Consultant Neurosurgeon and Research Professor (PRA) at the University of Cambridge, Dr. Mark Kotter is a clinician-scientist whose work focuses on one central question arising from clinical practice: why does the human nervous system fail to repair itself with age, and how can regeneration be restored?


As a neurosurgeon treating patients with degenerative cervical myelopathy (DCM), the most common cause of spinal cord dysfunction in adults, Dr. Kotter recognized that surgery can prevent further injury but cannot reliably restore lost neurological function. He helped establish DCM as a major age-related neurodegenerative disease and contributed to building the modern translational research framework for the field, including international collaborations, outcome measures, and disease models. His work reframed DCM as a disorder of failed neural repair and regeneration.


To address these mechanisms, Dr. Kotter turned to stem cell biology and regenerative medicine. His laboratory developed opti-ox™, a transcription factor engineering platform demonstrating that cell identity can be deterministically controlled through defined genetic programs. This enabled the rapid and reproducible generation of functional human cells from induced pluripotent stem cells (iPSCs), establishing a scalable platform for research and therapeutic development. The technology was translated through bit.bio, a company founded by Dr. Kotter that has become a leading stem cell company based on the cell programming paradigm.

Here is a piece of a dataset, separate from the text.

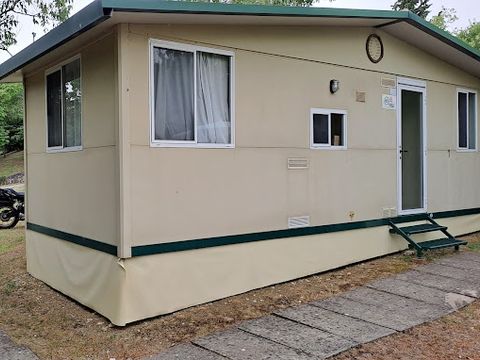 Mobilhome 4 personnes - COMFORT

His work subsequently expanded into aging and rejuvenation biology, focusing on why regenerative capacity is lost with age. His group developed transcriptomic and imaging-based aging clocks and applied them in genome-wide functional screens, identifying approximately 150 molecular drivers of aging and rejuvenation linked to cellular repair pathways. This work is now being translated through clock.bio, which aims to develop biomarker-driven rejuvenation therapies capable of restoring tissue repair and reversing aspects of biological aging in humans.


Dr. Kotter’s mission is to restore the body’s capacity for repair by understanding and reversing the mechanisms through which aging limits regeneration.